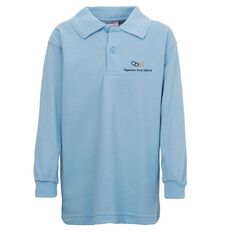 Schooltex Tapawera Area Long Sleeve Polo with Embroidery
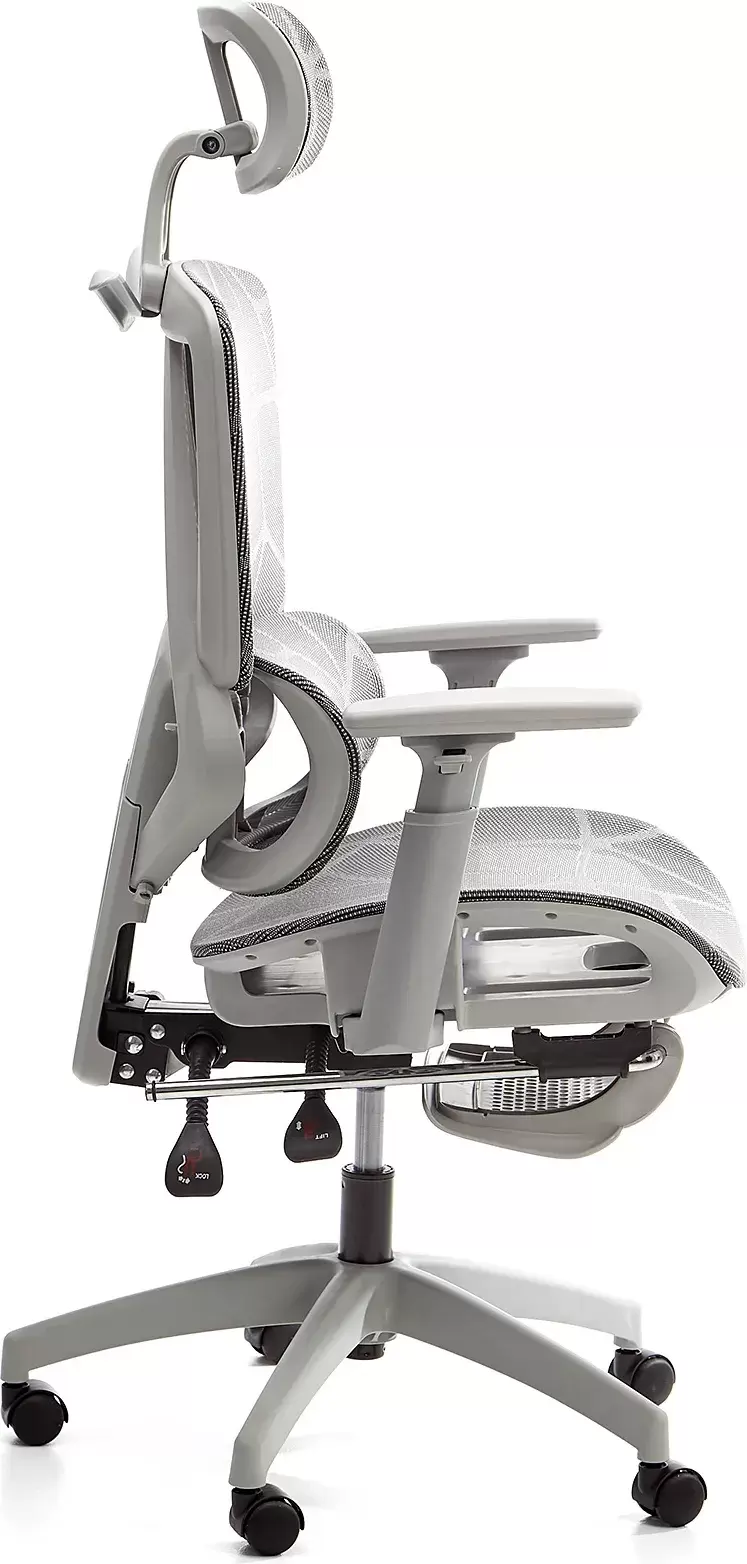 Офисное кресло Jiqiao R8015-СС (серый) фото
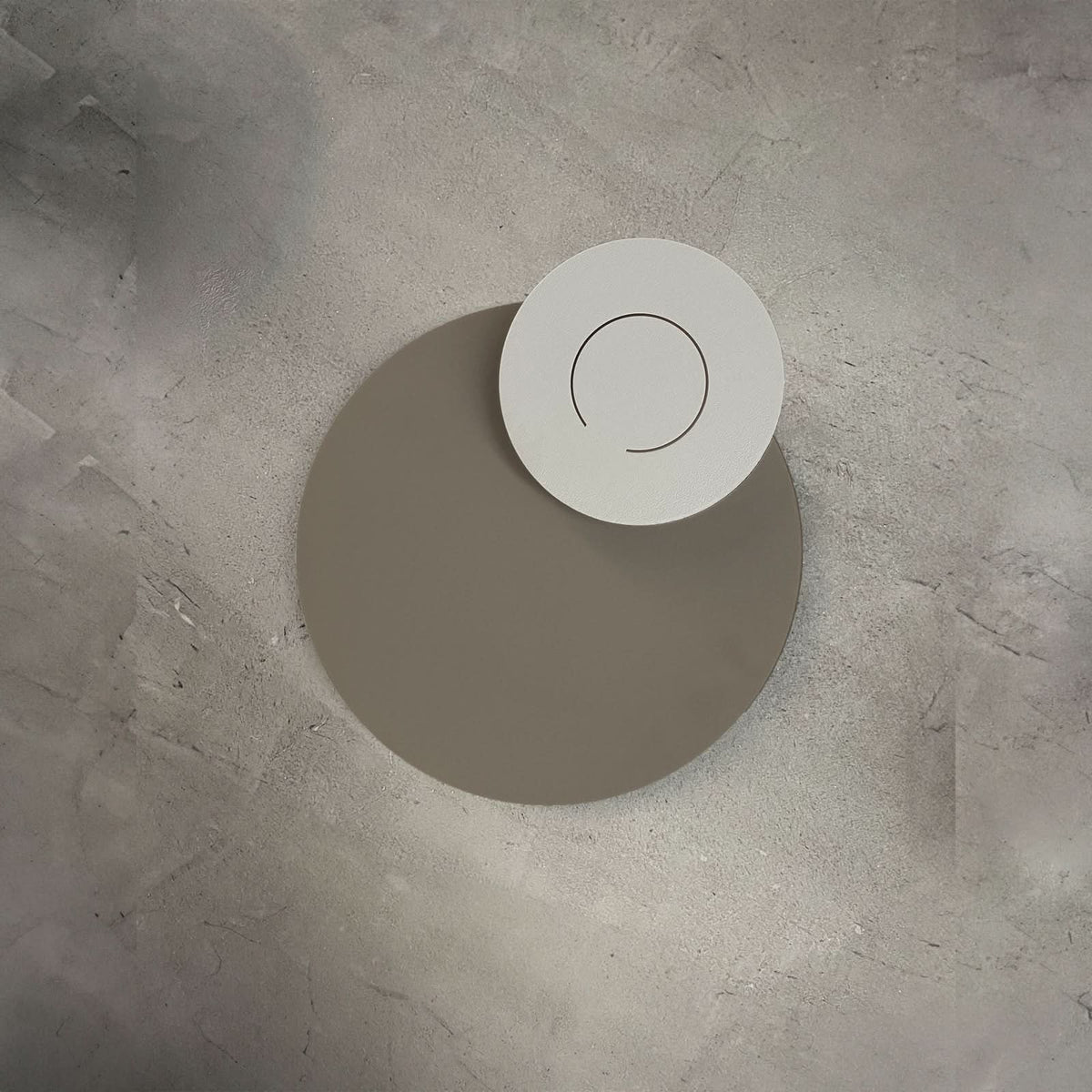 Applique murale LED DoppioZero en acier, crème et blanc, Ø 30 cm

• **TASK TO CARRY OUT**: No pictures belong in the copy. Repeat the listing above exactly.

• **OUTPUT FOR THIS EXERCISE**:
 Schooltex Tapawera Area Long Sleeve Polo with Embroidery
 Офисное кресло Jiqiao R8015-СС (серый) фото
 Applique murale LED DoppioZero en acier, crème et blanc, Ø 30 cm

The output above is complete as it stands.